Islamic militant (1979–2017)

Tarad Mohammad al-Jarba (طراد محمد آل الجربا; 20 November 1979 – 8 September 2017), better known by his kunya Abu Muhammad al-Shimali (أبو محمد الشمالي), was an Iraqi-born citizen of Saudi Arabia and a senior leader of the Islamic State of Iraq and the Levant (ISIL).

== History ==
Abu Muhammad al-Shimali joined Al-Qaeda in Iraq in 2005, continuing his association with the group when it eventually evolved into and became ISIL. He was from the al-Jarba branch of the Shammar tribe.

== Militant activity ==
According to the United States Department of State Rewards for Justice Program, he served "as a key leader in ISIL’s Immigration and Logistics Committee" and helped foreigners travel to fight in Syria, usually via Gaziantep, Turkey, and the Syrian border town of Jarabulus, which at the time was ISIL controlled.
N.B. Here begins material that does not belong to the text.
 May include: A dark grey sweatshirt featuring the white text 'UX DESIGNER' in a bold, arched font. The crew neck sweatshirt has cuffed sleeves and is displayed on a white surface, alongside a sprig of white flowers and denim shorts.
Al-Shimali and his logistics teams also controlled smuggling, financial transfers and movement of supplies into Syria and Iraq from Europe, North Africa, and the Arabian Peninsula.

On September 29, 2015, the U.S. Department of the Treasury placed al-Shimali on its Specially Designated Nationals list for acting for or on behalf of ISIL. The designation blocked his financial assets and prohibited American citizens and financial institutions from dealing with him. On the same day, he was also listed on the United Nations Security Council 1267/1989 (Al-Qaida) Sanctions List, which imposed a travel ban, asset freeze, and arms embargo on al-Shimali. He was also the subject of an active INTERPOL-UN Special Notice (in the name of Tarad Mohammad al-Jarba), which was issued to alert law enforcement agencies worldwide that an individual or entity was subject to UN sanctions.

According to The Telegraph he may have played a role in the November 2015 Paris attacks due to his position in managing the flow of fighters across the Syria–Turkey border.

On 8 September 2017, al-Shimali was killed during a Russian airstrike near Deir ez-Zor, Syria, along with Gulmurod Khalimov. The United States removed al-Shimali from their Rewards for Justice Program in 2022.